I have posted on several occasions about the benefits of getting a credit card, but there are a lot of credit cards out there. I stress reward credit cards because I am blogging about making money and an easy way to make money is to get paid for your normal expenditures. There are a few different types of credit cards though which I will go through.
In terms of rewards, there are plenty of different types of reward cards. It is important to choose one with rewards that you will actually use. If you are just starting to spend on your own as a college student, I would recommend the generic cashback credit card which gives you, well, cash which can be used for any purchase you want. If you fly frequently, airline miles credit cards may be more appropriate where you earn miles or points which can be redeemed for miles with each purchase. There are also hotel reward cards which offer points for redemption with that hotel which may be helpful if you plan on visiting a lot of different places. When looking at rewards, it is important to see what percentage you are actually earning. If your rewards program uses points, make sure that the point to cash rate is comparable.
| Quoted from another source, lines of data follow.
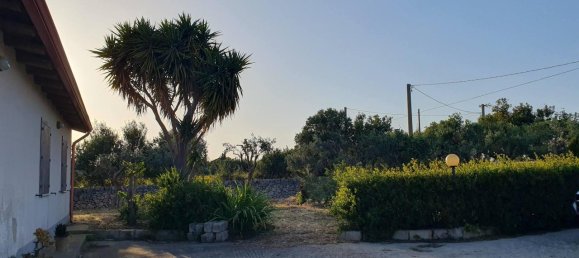 6 rooms Villa in Modica, Italy No. 148013 18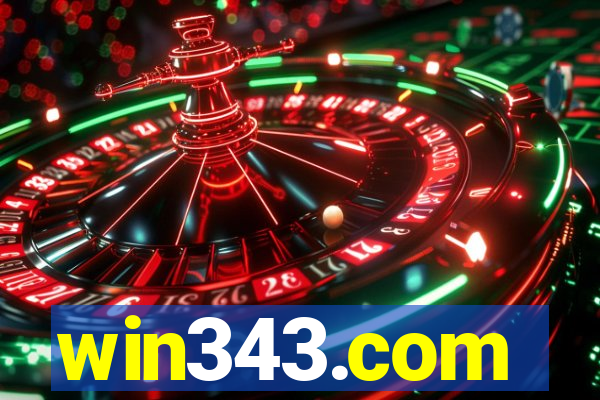 win343.com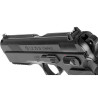 Réplique CZ 75D Compact GNB - Pistolet airsoft performant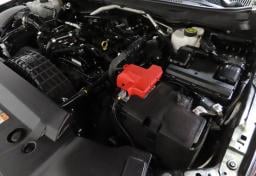 Thumbnail of 2021 Ford Ranger
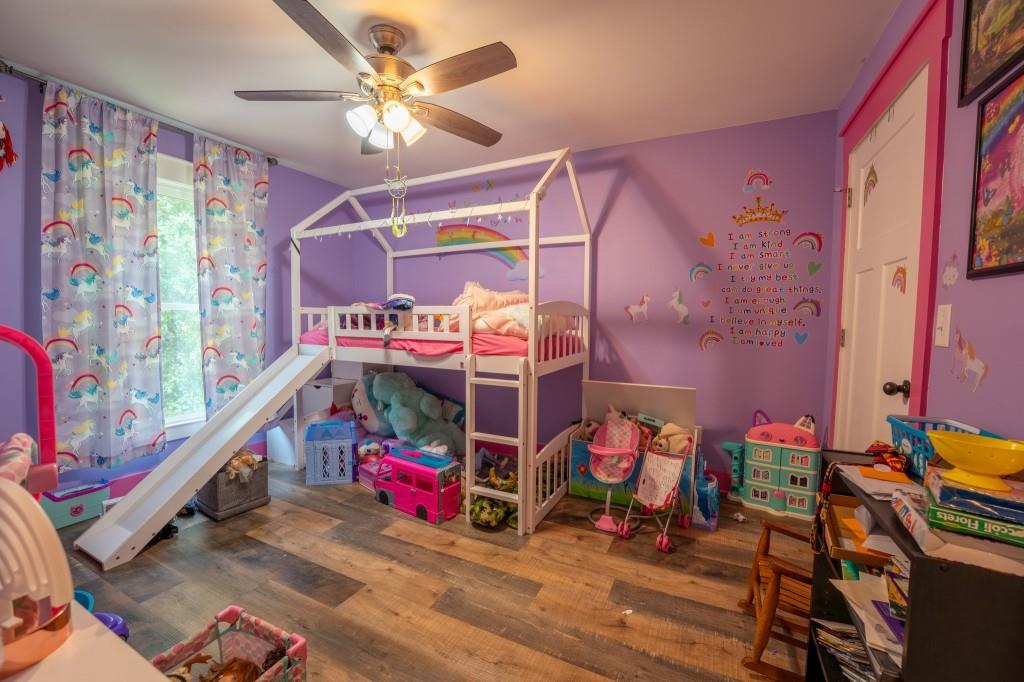 488 Truelove Road, Cleveland, Georgia image 23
I know for my Citi Forward card, I get a point per dollar spent on it which is the same as other cards, but it takes a lot more points to get the same cash as a reward. Also be aware of minimum redemption limits. For example, I have to wait until I get $25 in rewards on my American Express card before I can redeem it as cash or a statement deduction.
Reward credit cards are perfect for ideal spenders who spend within their budget and make their monthly payments on time. If you constantly carry over a balance month to month, rewards are not what you should be aiming to get. If you need help financing your normal expenditures (in which case, you may also want to look at budgeting first) then a low interest (APR) credit card is probably more important. Many of these cards and reward cards have a low intro APR (often at a teasing 0%), so make sure you are aware of how long these last and what the actual APR will be for the lifetime of the card. The low end of these cards may eventually charge around 11% APR rather than the 18-20% APR of some reward cards. Of course, no matter what credit card it is, if you pay your bill within the grace period (often 20 days) after your statement comes out each month, you will get charged no interest and won't have to worry about the APR.
Finally, and for probably the most impulsive spenders (I just noticed the order goes in descending stability of managing your finances), there are balance transfer credit cards which offer a low APR rate for transferring the balance of another credit line. I might make a more detailed post later, but a balance transfer is when you carry debt on a credit card and want to avoid paying interest on it for a while. You can transfer the balance to another credit card and then get charged the new card's APR. Many cards offer a 0% intro balance transfer APR for 12-21 months depending on the card. This means if you are paying 20% on the balance you are carrying on a credit card, you can temporarily move it and avoid paying any interest until the intro period ends. However, this only stalls for some extra time to get your act together and get the money to pay it off. It would be much more beneficial to learn how to budget and avoid getting into debt altogether.
You should pay attention to the other details of a credit card when deciding on which one to get, including the annual fee (avoid this at all costs), any introductory offers (Citi offers a $200 cashback if you spend $500 in the first 3 months for a new Citi Dividend card), and the appropriateness of your credit level with the card. If you are just starting, a student credit card may be more favorable since there is a higher chance you will get approved if you don't earn any income.
No matter what credit card you do end up getting, it's important to find one that matches your lifestyle and meets your needs. Also, always remember that it is better to use your card responsibly, only for the purchases you would otherwise normally buy, and pay off your balance each month.